Il nous faut un projet

Le socialisme, historiquement — je ne parle pas du parti du même nom et de ce qu’il en advint — le socialisme donc, malgré son horizon émancipateur, n’a pas su intégrer la dimension finie des ressources naturelles et notre interdépendance avec les écosystèmes dans lesquels nous vivons. Les mouvements de l’écologie ont quant à eux trop souvent sombré dans l’environnementalisme en négligeant la dimension systémique et radicale du problème : les solutions à l’urgence écologique ne résident pas dans des mécanismes de compensation carbone ou dans la création de zones préservées. Il s’agit avant tout de chercher ses causes profondes dans les fondements mêmes du système économique capitaliste si on souhaite réellement y remédier. Il nous faut donc redéfinir le projet progressiste de gauche, en y intégrant la réappropriation citoyenne de la politique et la préservation des écosystèmes. Non pas en faisant table rase de ce qui nous a précédé, mais en s’inspirant ce qui s’est fait de meilleur dans les différents courants de luttes et de pensée, tout en tirant les leçons du passé.

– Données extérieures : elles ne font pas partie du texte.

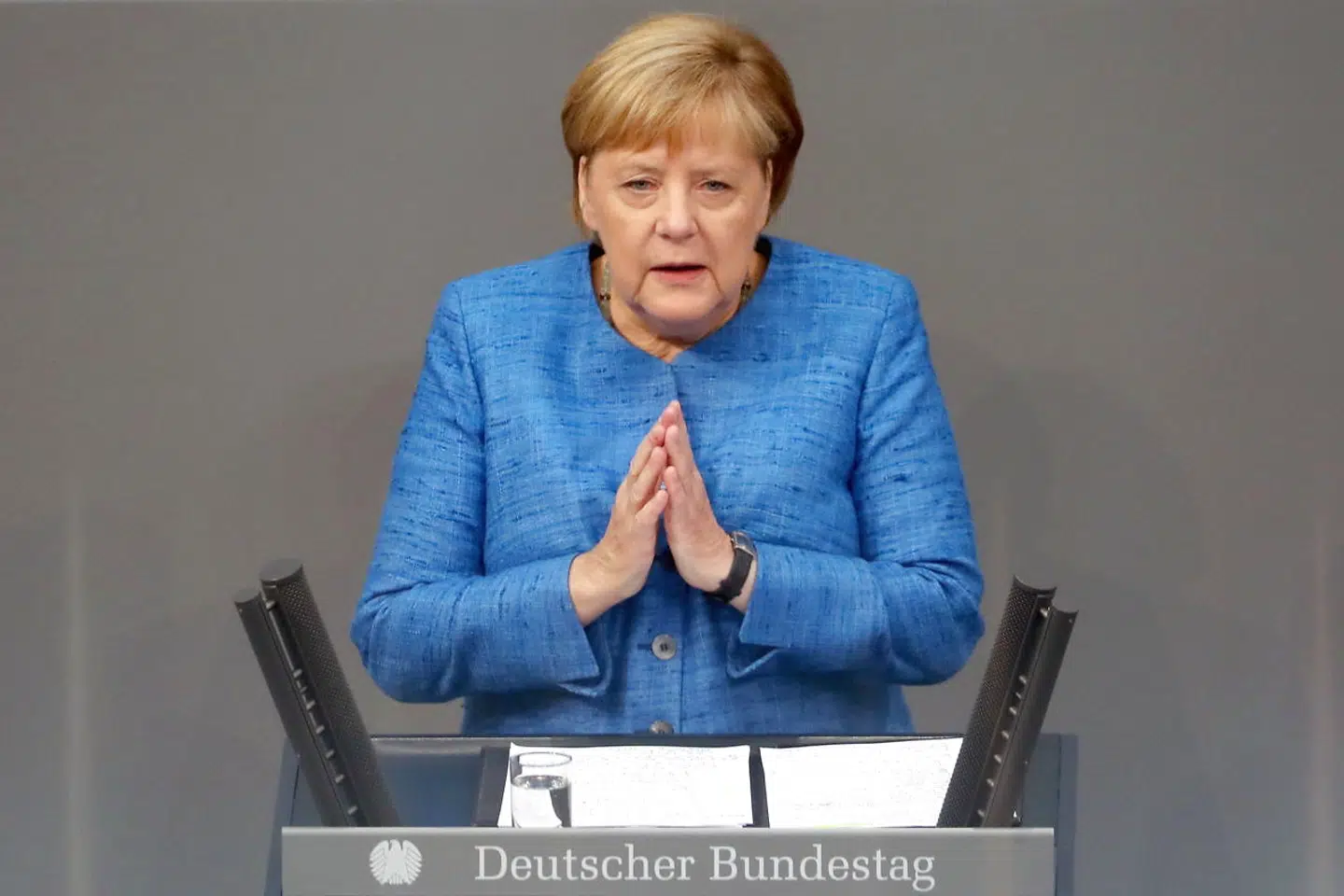 Den tyske forbundskansler, Angela Merkel, i en tale i Forbundsdagen onsdag d. 11 september.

Le projet écosocialiste tente de réaliser cette synthèse de Karl Marx, André Gorz et Jean Jaurès, pour rompre avec les schémas traditionnels et remettre l’économie au service des besoins, produire autrement et se munir de nouveaux indicateurs en redéfinissant la richesse. Il peut servir d’appui pour soutenir la convergence de toutes celles et ceux qui luttent, résistent et inventent déjà le monde de demain.

Sans attendre, et au nom de la dignité du présent, il nous appartient de mener la bataille de l’hégémonie culturelle, comme la désignait Antonio Gramsci, pour s’affranchir des dogmatismes en tout genre et des tutelles qu’on ne s’est pas choisis. Pour cela, tous les lieux où s’aiguise l’esprit critique du citoyen doivent être défendus, de même que toutes les initiatives permettant de nous assurer que le système institutionnel lui fournit les moyens de rendre un avis éclairé et que celui-ci soit sollicité, entendu et respecté.